START EXCERPTED DATA

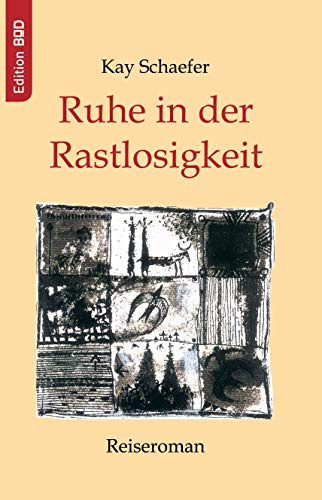 Ruhe in der Rastlosigkeit: Reiseroman (Edition BoD)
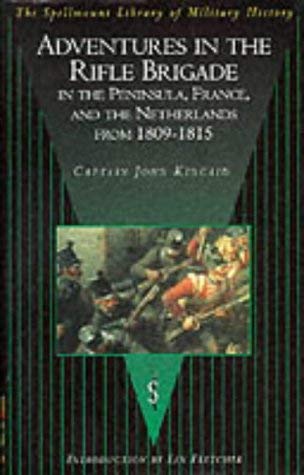 9781862270206: Adventures in the Rifle Brigade, in the Peninsula, France and the Netherlands from 1809-1815 (The Spellmount Library of Military History)
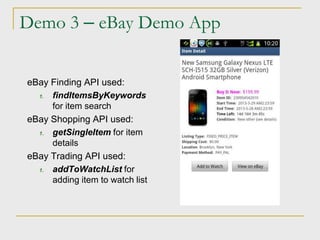 Demo 3 – eBay Demo App
eBay Finding API used:
1. findItemsByKeywords
for item search
eBay Shopping API used:
1. getSingleItem for item
details
eBay Trading API used:
1. addToWatchList for
adding item to watch list
 
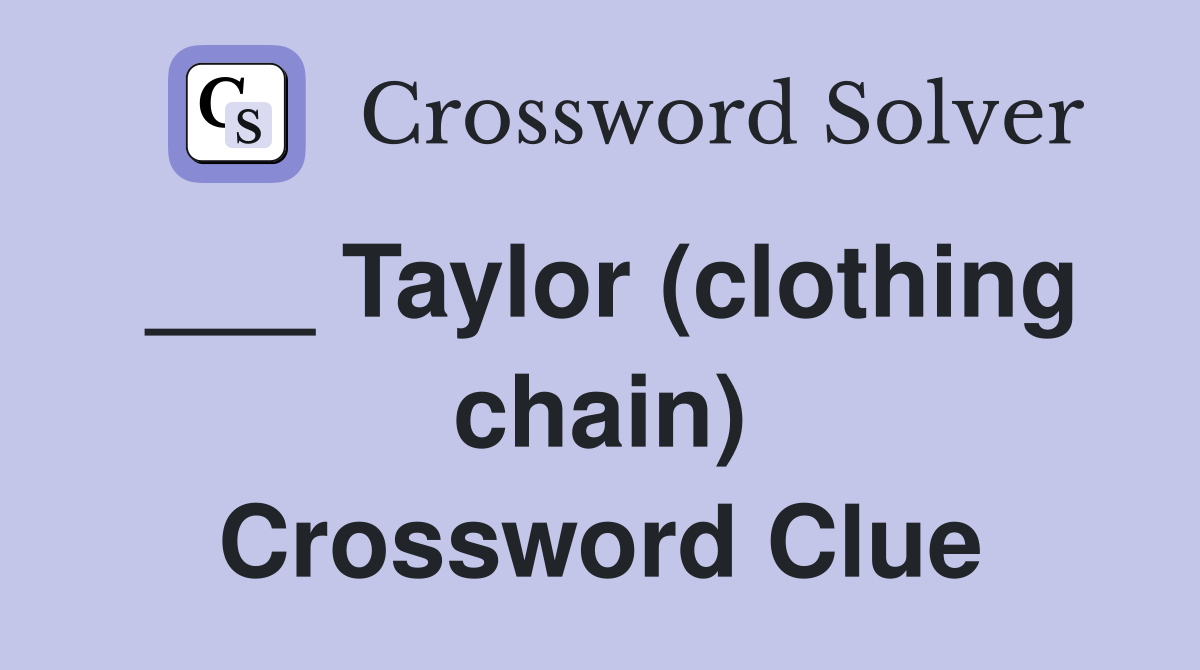___ Taylor (clothing chain) Crossword Clue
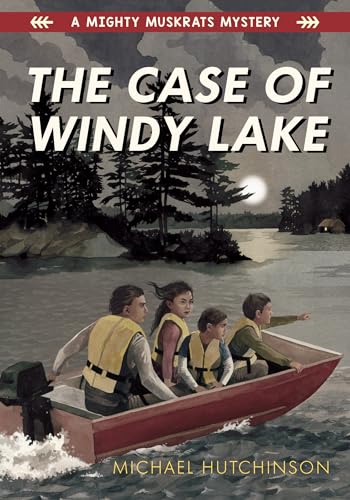 Stock image for The Case of Windy Lake: A Mighty Muskrats Mystery (A Mighty Muskrats Mystery 2019) for sale by SecondSale
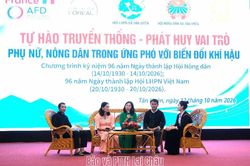 Tự hào truyền thống – Phát huy vai trò phụ nữ, nông dân trong ứng phó với biến đổi khí hậu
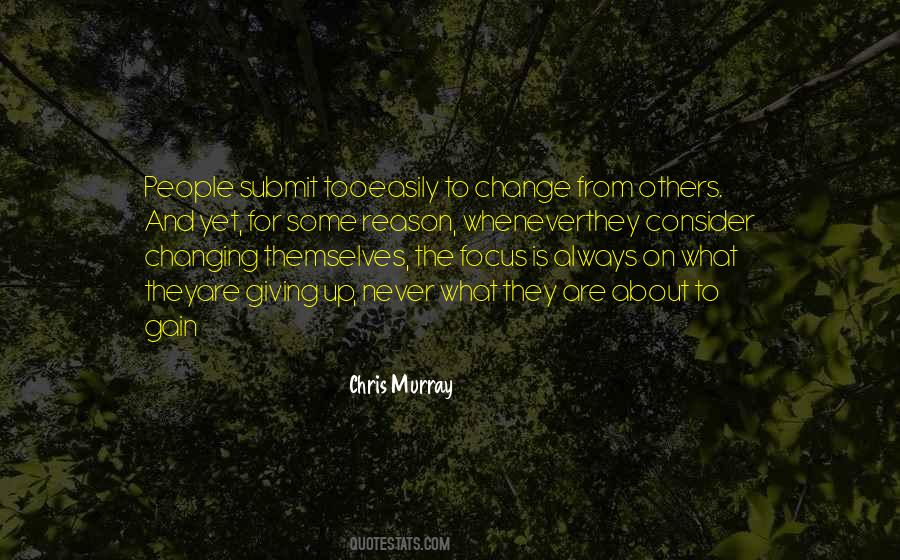 Giving Up Too Easily Quotes #1474421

END EXCERPTED DATA

WHAT YOU WILL DO: Print, exactly as written, the lines from the one containing "chain) Crossword Clue" to the end of the material, both ends included, and nothing else; no pictures.

ANSWER BOX:
___ Taylor (clothing chain) Crossword Clue
 Stock image for The Case of Windy Lake: A Mighty Muskrats Mystery (A Mighty Muskrats Mystery 2019) for sale by SecondSale
 Tự hào truyền thống – Phát huy vai trò phụ nữ, nông dân trong ứng phó với biến đổi khí hậu
 Giving Up Too Easily Quotes #1474421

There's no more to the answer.